_TASK OBJECTIVE_: The lines below from the one with "T-shirt Où Tu Mets Ton Poodé (Devant)" up to and including the one with "Husqvarna 322C User Manual | Page 3 / 36" are what you should set down, exactly and without pictures.

_PROVIDED RECORDS_:
-*-
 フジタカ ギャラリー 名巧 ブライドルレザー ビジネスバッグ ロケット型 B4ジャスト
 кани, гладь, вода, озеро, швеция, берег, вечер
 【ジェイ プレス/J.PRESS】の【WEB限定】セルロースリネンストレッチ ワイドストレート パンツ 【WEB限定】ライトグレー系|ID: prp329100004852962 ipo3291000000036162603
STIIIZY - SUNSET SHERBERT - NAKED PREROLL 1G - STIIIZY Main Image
-*-
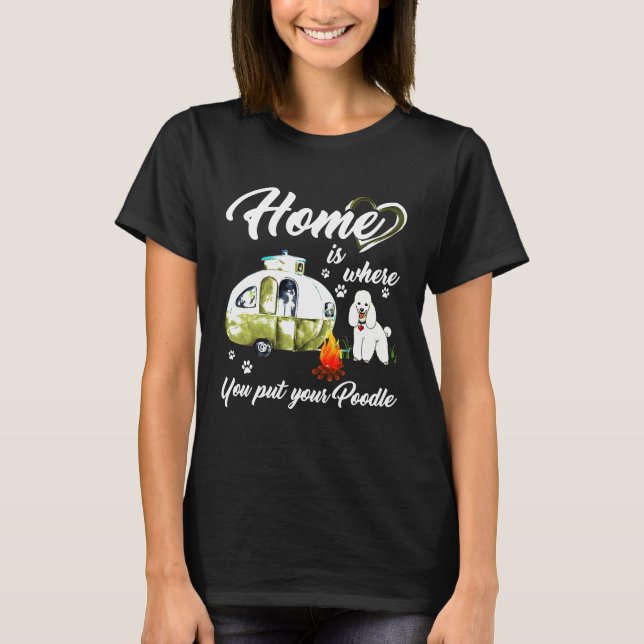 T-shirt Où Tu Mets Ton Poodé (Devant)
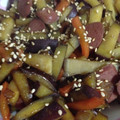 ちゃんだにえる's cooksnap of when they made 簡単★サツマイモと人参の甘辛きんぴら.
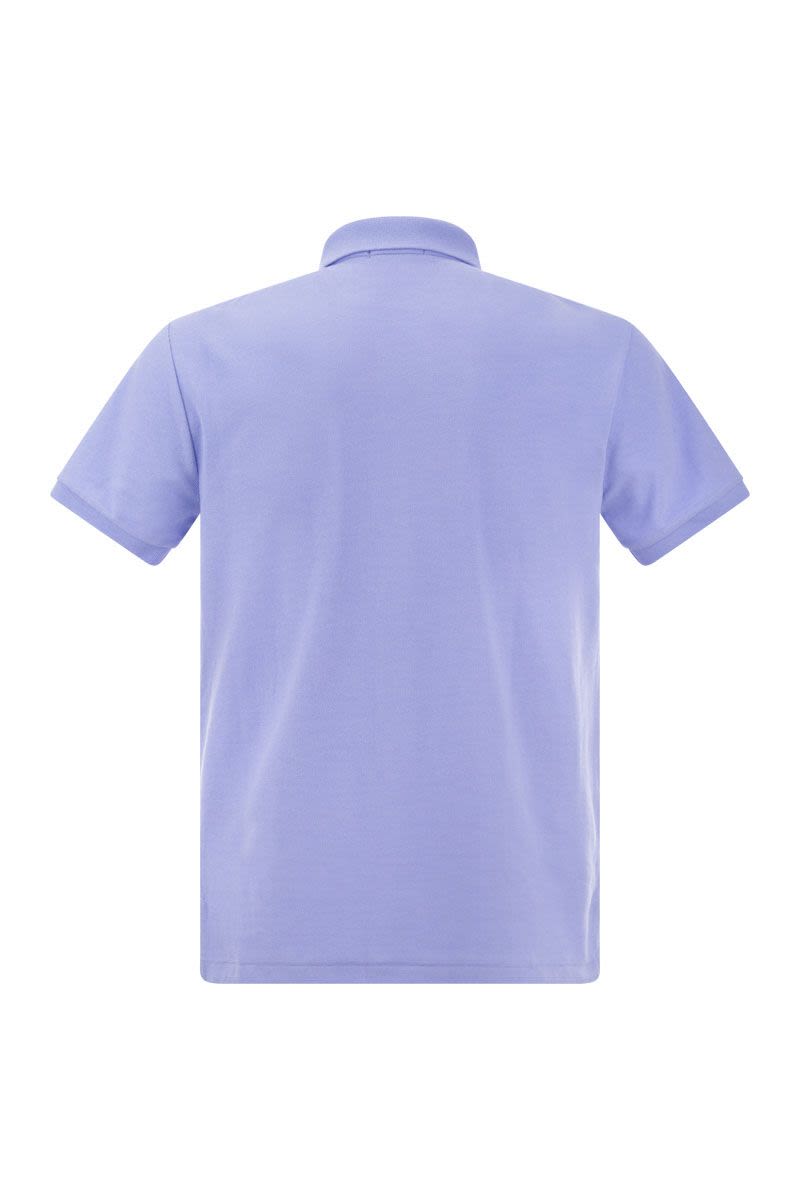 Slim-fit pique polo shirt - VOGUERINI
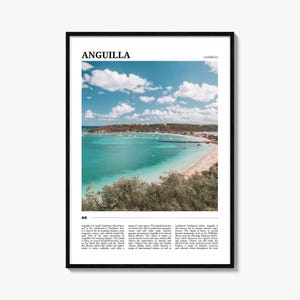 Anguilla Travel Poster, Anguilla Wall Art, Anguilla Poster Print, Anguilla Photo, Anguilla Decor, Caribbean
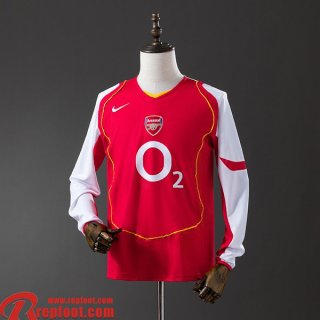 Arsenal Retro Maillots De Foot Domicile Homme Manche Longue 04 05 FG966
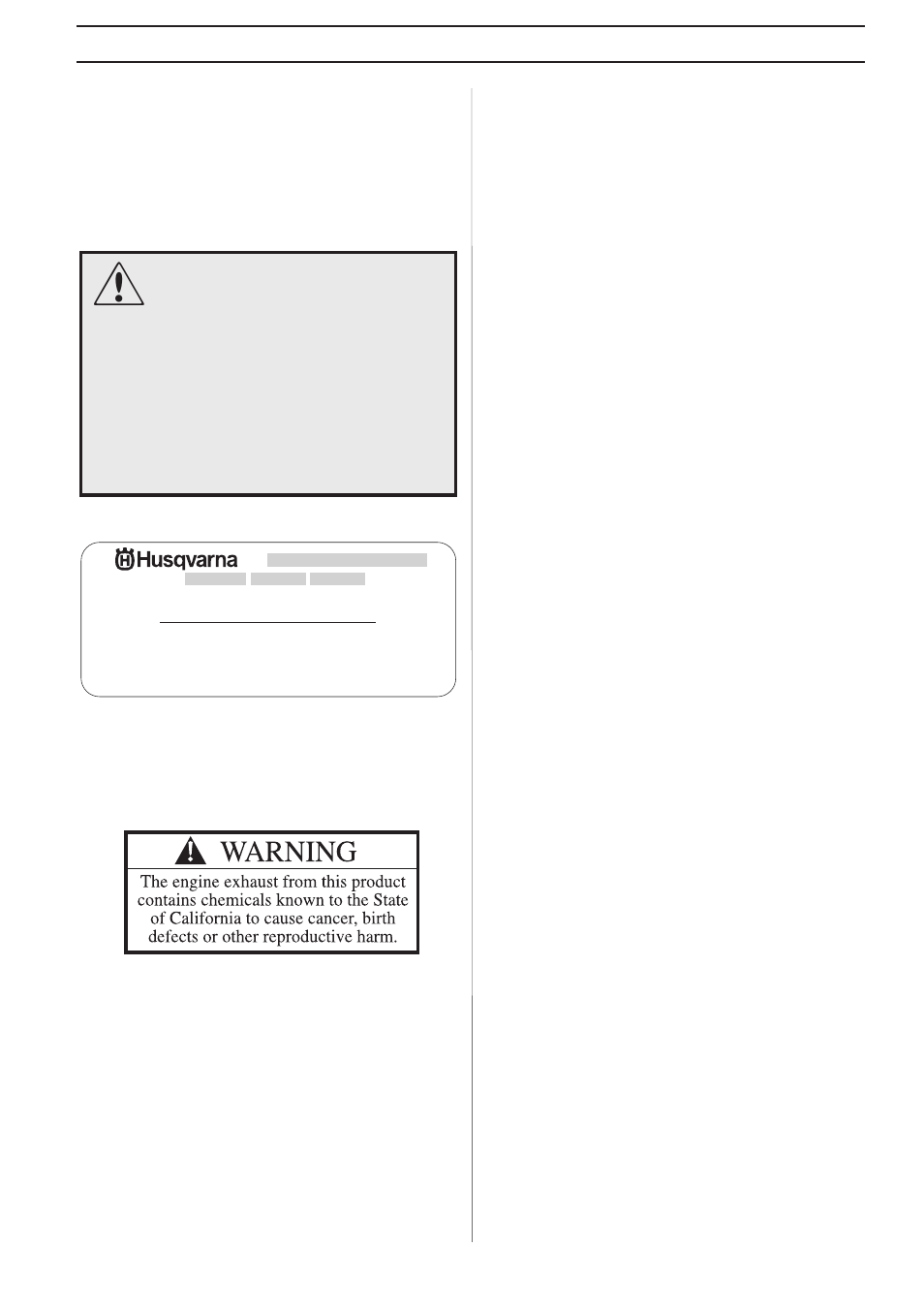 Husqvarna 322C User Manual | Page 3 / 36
-*-
_SOLVED PROBLEM_:
 T-shirt Où Tu Mets Ton Poodé (Devant)
 ちゃんだにえる's cooksnap of when they made 簡単★サツマイモと人参の甘辛きんぴら.
 Slim-fit pique polo shirt - VOGUERINI
 Anguilla Travel Poster, Anguilla Wall Art, Anguilla Poster Print, Anguilla Photo, Anguilla Decor, Caribbean
 Arsenal Retro Maillots De Foot Domicile Homme Manche Longue 04 05 FG966
 Husqvarna 322C User Manual | Page 3 / 36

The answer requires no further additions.